A costumer is randomly chosen. Let An be the chance this customer has an accident in year n. Let U denote the event that this costumer is urban and R the event that the customer is rural.


  1. Find $P(A2|A1)$.

  2. Are A1 and A2 independent in general ? Are there any conditions when it is true if not in general ?

  3. Show that P(A2|A1)≥P(A2).

To answer this question it is useful to know that for any positive a and b, one has $(a+b)^2<2(a^2+b^2)$ as long as a≠b. In the case $a≠b$, one has of course $(a+b)^2=2(a^2+b^2)$. To prove this inequality, first show that $(a+b)^2+(a−b)^2=2(a^2+b^2)$ and then use that fact that $(a−b)^2>0$.

  1. Find the probability that a driver has an accident in the 3rd year given that they had one in the 1st and 2nd year.

  2. Find the probability that a driver has an accident in the n-th year given that they had one in all of the previous years. What is the limit as n→∞ ?

  3. Find the probability that a diver is a urban diver given that they had an accident in two successive years.


I spent about 30 minutes doing this last night without getting anywhere.

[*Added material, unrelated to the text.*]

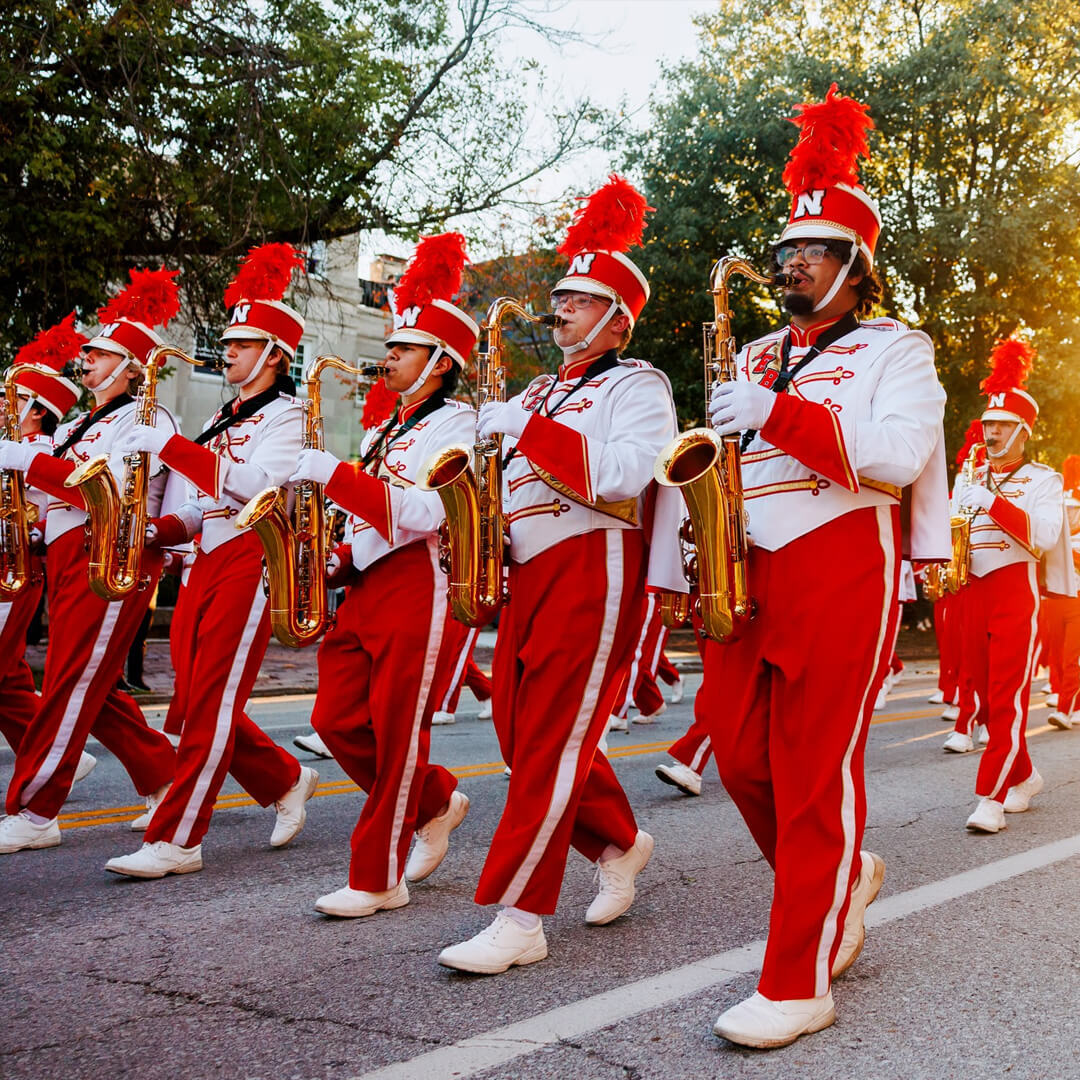 Cornhusker Marching Band saxophone players in red uniforms march in Homecoming Parade on a sunny day.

I think I am either reading the question wrong or the question is written wrong.

  1. P(A1|A2) = P(A2)P(A1) = (0.5$\mu$ + 0.5$\lambda$)$^2$.

  2. Not really sure how to interpret this.

  3. This is where my confusion kicks in. In #1, I got that P(A2|A1) = (0.5$\mu$ + 0.5$\lambda$)$^2$. Looking at the hint, I thought that this would mean that P(A2|A1)

Any help is appreciated! Thank you in advance.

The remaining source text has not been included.